Tardif was elected to the Quebec legislature in the 1976 provincial election, defeating one-term Liberal incumbent Jean Bienvenue in the Montreal division of Crémazie as the Parti Québécois won a historic majority government across the province. He was appointed to René Lévesque's first cabinet as minister of municipal affairs on November 26, 1976.

In 1978, Tardif and André Ouellet, the urban affairs minister in Pierre Trudeau's federal cabinet, engaged in a public dispute as to which level of government was responsible for delays in proceeding with planned housing construction.[2] The journalist William Johnson argued in a The Globe and Mail editorial that the Quebec Housing Corporation was at fault, notwithstanding Tardif's statements to the contrary.[3] Tardif had a better relationship with Ouellet's successor Elmer MacKay, who was a member of Joe Clark's short-lived government in 1979–80.[4]

Tardif ended a provincial trusteeship over the Montreal suburb of St. Leonard in 1979. The trusteeship had been imposed by the previous Liberal government in 1975, following allegations of municipal corruption.[5] He also allowed the town of Buckingham, which had been merged into a single entity by the previous government, to dissolve itself into four distinct municipalities following a referendum.[6]

Notwithstanding his criticism of Tardif in other respects, William Johnson also credited him with "[taking] the politics out of municipal financing by establishing formula grants."[7]

Minister of planning and housing

Lévesque shuffled his cabinet on November 6, 1980, and appointed Tardif as the minister of state responsible for planning and the minister responsible for housing.[8]

In December 1980, Tardif was forced to defend his hiring of Luc Cyr, two years earlier, to oversee a program of repairs for low-rent housing.
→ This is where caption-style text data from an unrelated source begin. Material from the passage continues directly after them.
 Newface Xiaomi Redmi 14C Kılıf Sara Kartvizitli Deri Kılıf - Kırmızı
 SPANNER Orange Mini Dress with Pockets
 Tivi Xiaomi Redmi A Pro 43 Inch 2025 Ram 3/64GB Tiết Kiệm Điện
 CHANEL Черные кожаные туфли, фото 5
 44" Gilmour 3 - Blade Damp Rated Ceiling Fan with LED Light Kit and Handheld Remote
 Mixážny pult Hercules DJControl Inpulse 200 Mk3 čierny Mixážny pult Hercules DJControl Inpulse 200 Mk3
Cyr, an associate of PQ organizers, later put his son and brother-in-law on the payroll; the president of the housing corporation overturned this arrangement once he discovered it.[9] Tardif defended Cyr's appointment, saying that it was normal for such contracts not to go to tender because of the difficulties in predicting expenses. He added the government had cancelled the contract in September 1980 once officials had identified irregularities.[10] This notwithstanding, Tardif responded to criticisms by convening a legislative committee to investigate charges of nepotism and patronage within the corporation.[11]

Minister of housing and consumer affairs

During the 1981 provincial election, Tardif joined Premier Lévesque to promise a new housing loan program that would provide financial benefits to homeowners with one or more young children.[12] He was narrowly re-elected in Crémazie as the PQ won a second majority across the province. After a cabinet shuffle on April 30, 1981, he retained his position as the minister responsible for housing and was given additional responsibilities as the minister responsible for consumer protection. On June 18, after enabling legislation was passed, he was officially styled as minister of housing and minister of consumer protection.[13]

Tardif introduced the government's promised housing loan program, in a somewhat modified form, in August 1981.[14] The opposition Liberals charged that the amended legislation did not adequately protect homeowners affected by high mortgage rates.[15]

As consumer affairs minister, Tardif was once again in regular contact with André Ouellet, who by this time was the minister of consumer and corporate affairs in the re-elected government of Pierre Trudeau. In September 1981, he criticized Ouellet's plan to strengthen the competition laws that protected consumers and small businesses. Tardif said that he did not object to the intention of the bill, but argued that the matter fell under Quebec's jurisdiction rather than that of the federal government.[16]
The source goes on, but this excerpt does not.